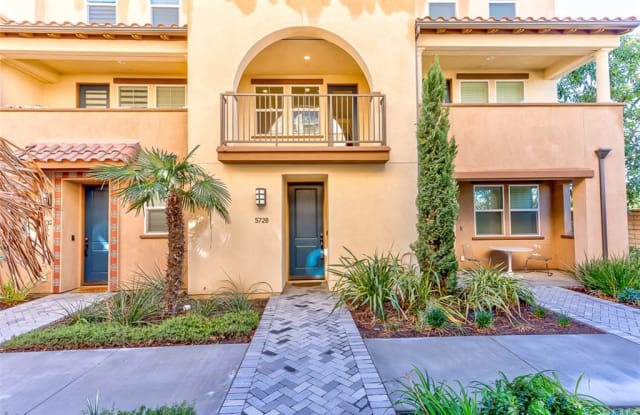 5728 Spring - 5728 Spring St, Buena Park, CA 90621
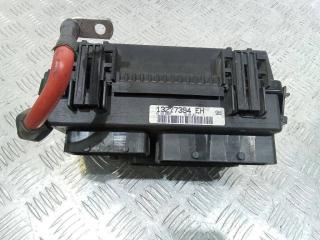 блок предохранителей Opel Corsa D 2007, 13217394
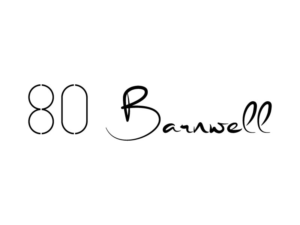 Design de Logo par jannatunnayem304 pour 80 Barnwell | Design : #13195887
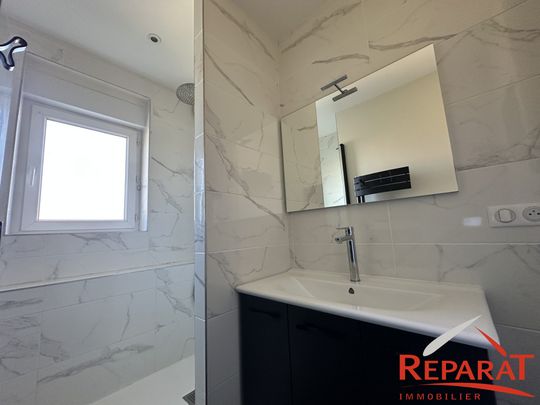 Location Appartement 3 pièces 67m² BRIVE LA GAILLARDE 19100 - Photo 1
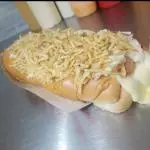 Perro Grande Sencillo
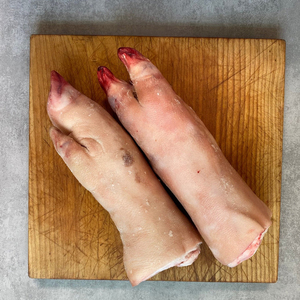 Oferta Especial: Nudillos de Cerdo Congelados de Primera Calidad, Venta al por Mayor, Grado Alimenticio, Disponibilidad Inmediata, Mejor Calidad para Exportación - Product Image 5
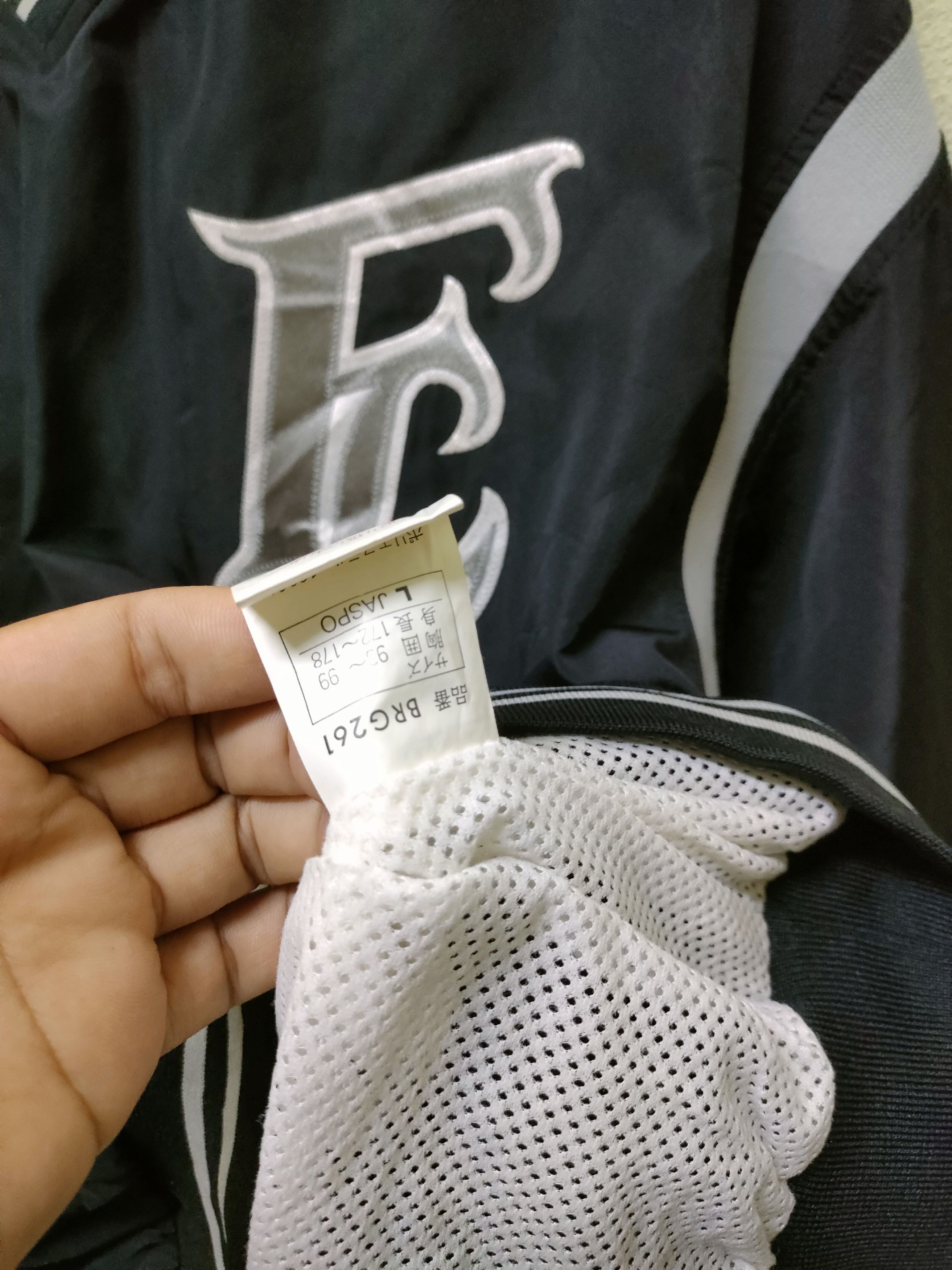 MLB × Sports Specialties Rawling MLB Jacket Size US L / EU 52-54 / 3 - 6 Thumbnail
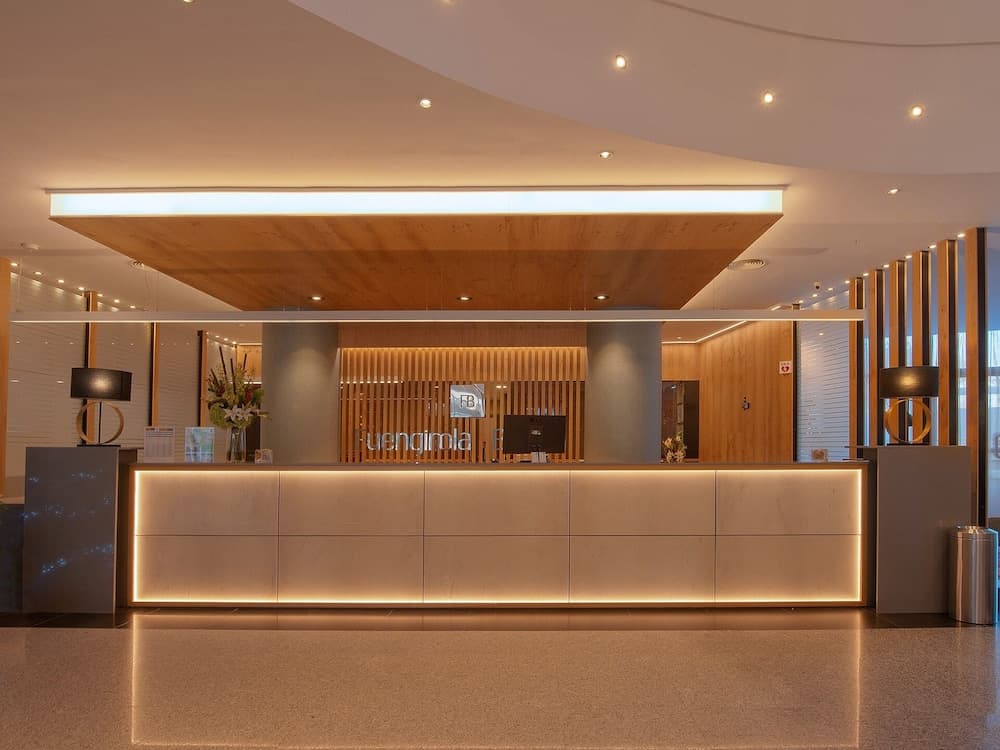 Fuengirola Beach Apartamentos Turisticos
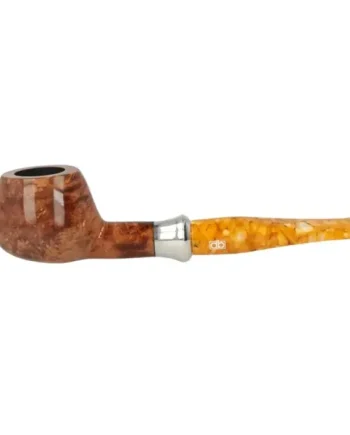 Design Berlin Amber ll Straight Pipe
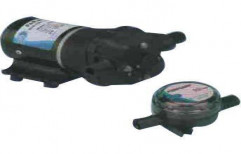 Par-max 3 Shower Drain Pump by Auto & Construction Equipment Corporation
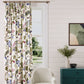Fusang Tree Room Fabric - Multicolor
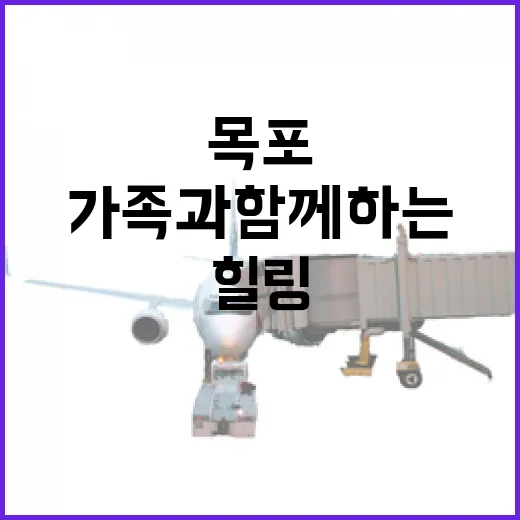 목포 고하도 목화 체험장, 가족과 함께하는 순백의 힐링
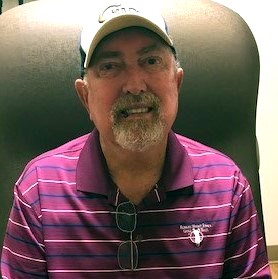 Obituary of Marvin Bret Reiff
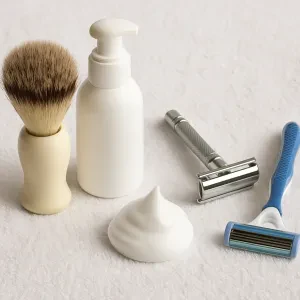 Must-have items that make shaving gentle and comfortable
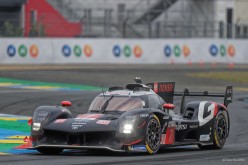 LeMans-2024 #7 Toyota GR010 - Hybrid img3996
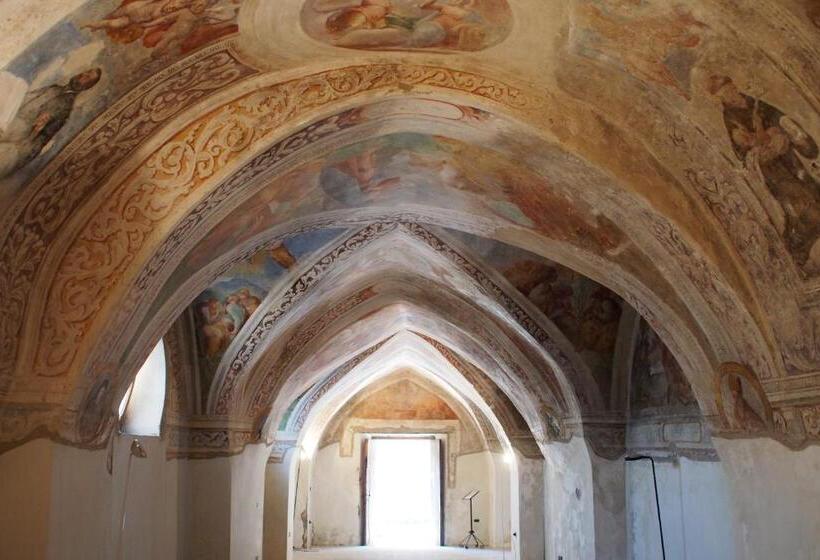 مبيت وإفطار Palazzo Ruggiero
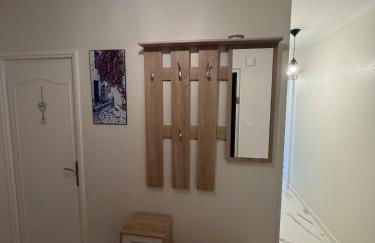 Bel Appartement spacieux T4 avec 2 Parkings privée Gratuit - Foto 25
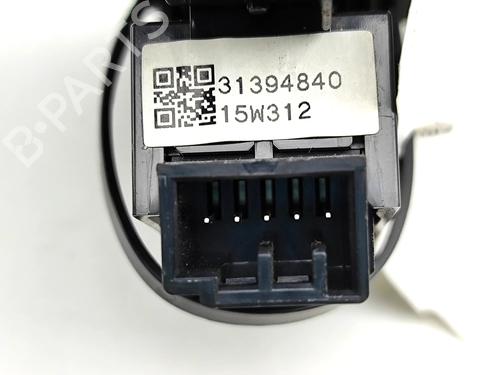 Right rear window switch VOLVO V40 Hatchback (525) D4 | BP38267899I28 - Image 6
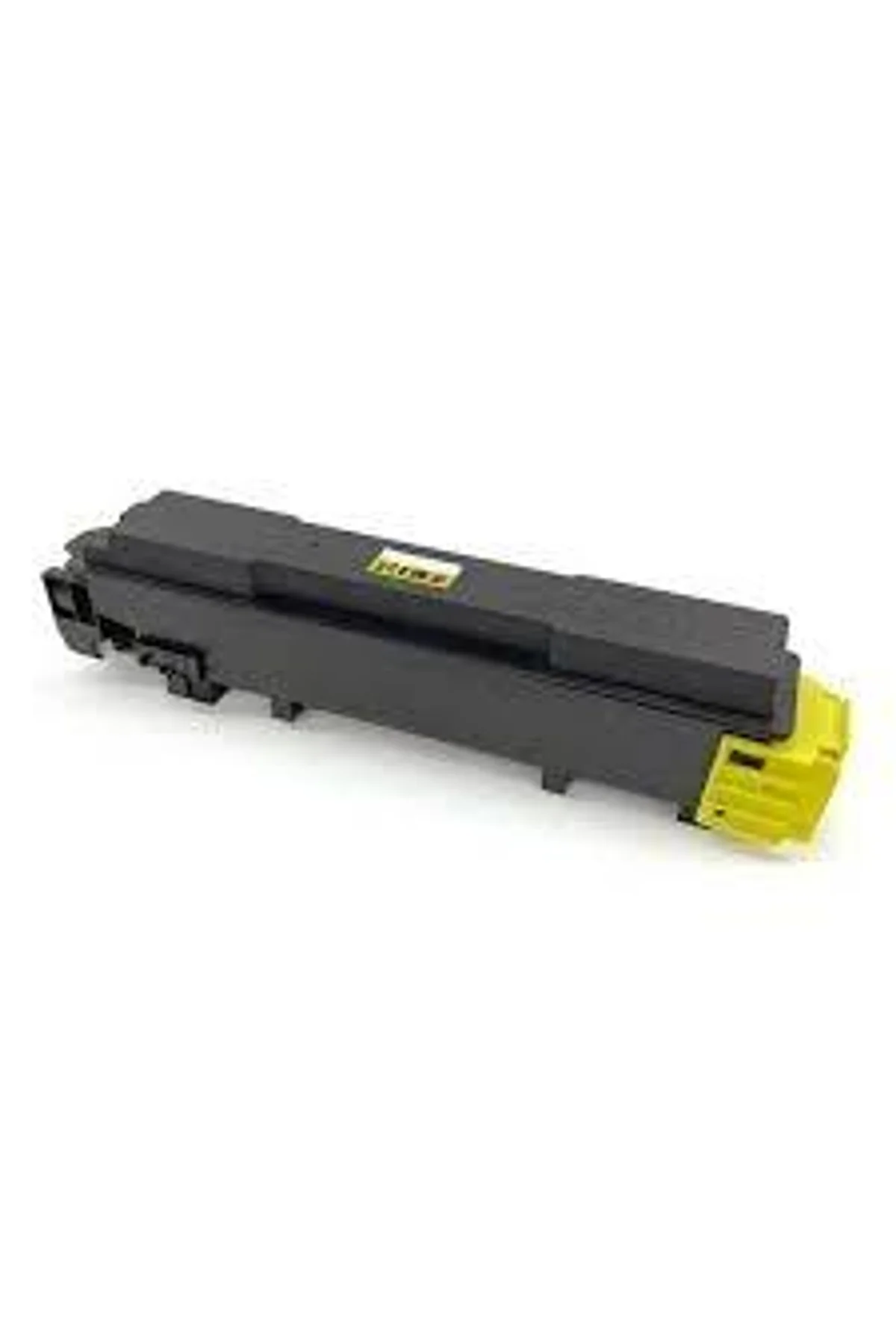 Kyocera TK-5370 1T02YJANL0 Sarı Yüksek Kapasiteli Muadil Toner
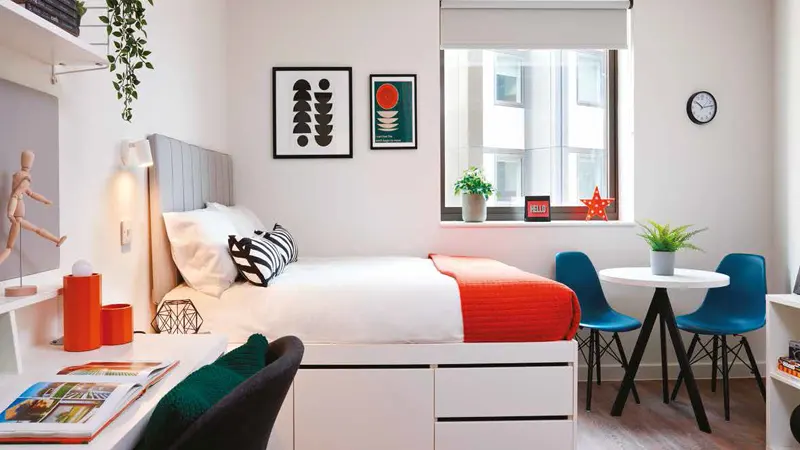 AG Central at Dubailand Residence Complex (DLRC) 6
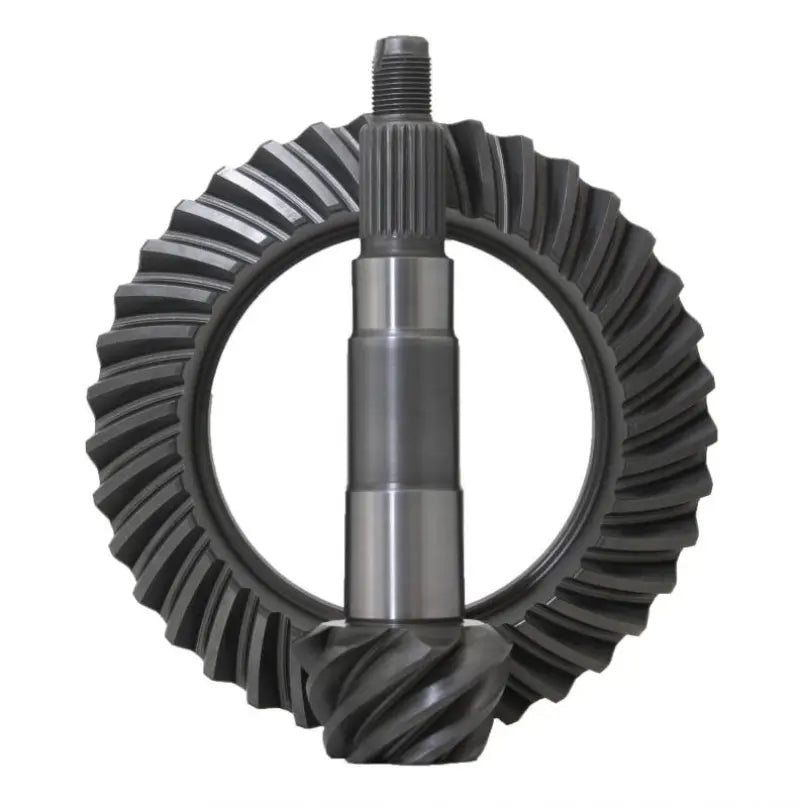 Revolution Gear & Axle Toyota 7.5in Reverse Rotation 4.88 Ratio Ring & Pinion - Revolution Gear & Axle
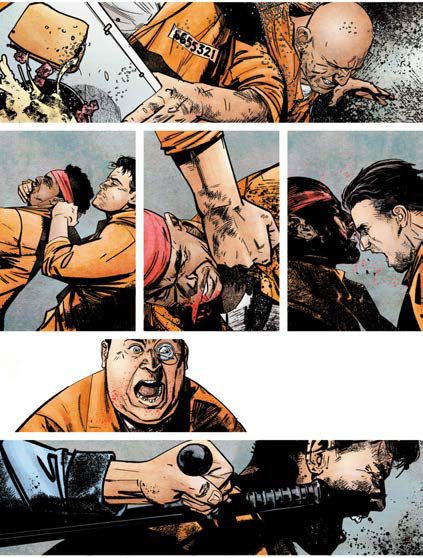Suicide Squad: Get Joker! #1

########

> **Instructions to follow**:
From the first line of the listing above, repeat every line through the one holding "Perro Grande Sencillo". Both ends count, and pictures stay out.

> **Answer for the task**:
 5728 Spring - 5728 Spring St, Buena Park, CA 90621
 блок предохранителей Opel Corsa D 2007, 13217394
 Design de Logo par jannatunnayem304 pour 80 Barnwell | Design : #13195887
 Location Appartement 3 pièces 67m² BRIVE LA GAILLARDE 19100 - Photo 1
 Perro Grande Sencillo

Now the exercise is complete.